NEW YORK: Almost one quarter of the American adult population is turning to original digital video programming at least once a month, and new research shows this is attracting the difficult-to-reach 18-34 year-old audience of cord-cutters.

For the 2015 Original Digital Video Study,published by the Interactive Advertising Bureau (IAB), a trade body, a total of 1,900 people were screened for viewing of online video and full interviews then completed with 856 who viewed online video at least once a month.

Overall there has been a 13% increase in the number of American adults watching original digital video programming, a total of some 59m, with 18-34 year-old audience of cord-cutters/cord-nevers accounting for 29% and growing.

The report showed that young cord-cutters/cord-nevers were about twice as likely as other adults to view original digital video.

Further, 53% of cord-cutters and 63% of cord-nevers saw this type of programming as very/somewhat important in their decision not to have pay-TV. 

And, encouragingly for advertisers, a significant proportion (43%) of these viewers were also more likely to regard ads shown during this type of programming to be "more interesting" or "fun".

The study also highlighted the speed of the shift in viewing habits.
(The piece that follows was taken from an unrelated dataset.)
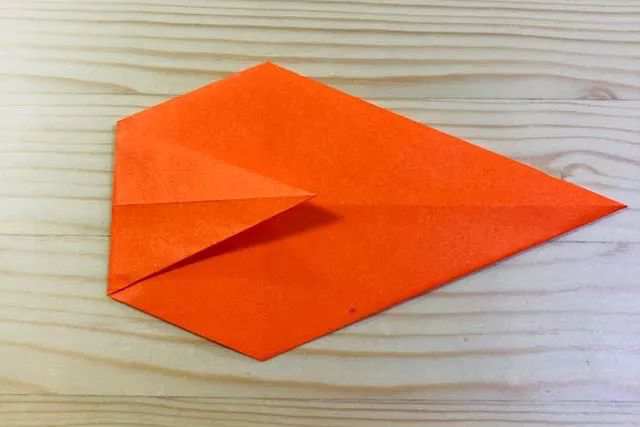 适合儿童的过年手工：怎么折纸鲤鱼(步骤图解)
While the proportion of respondents viewing original digital video on computer has remained steady over the past two years at 72%, it has more than doubled for connected TVs (56%), smartphones (56%) and tablets (48%).

Two-thirds (65%) of those streaming original digital video to connected TVs stated that they typically watched during primetime (8-11pm) and half (53%) said they did so more than a year ago, largely because there was more – and more interesting – content.

Word of mouth was still the most important way people discover original digital video content, cited by 53% of respondents. But the role of social media is growing rapidly: almost twice as many found new programming here compared with two years ago (42% vs. 24% in 2013).

Anna Bager, svp/Mobile and Video, IAB, said original digital video was "at the heart of a sea change across the media landscape.

"Viewers' preferences and behaviours are shifting, and so too will advertising dollars," she added.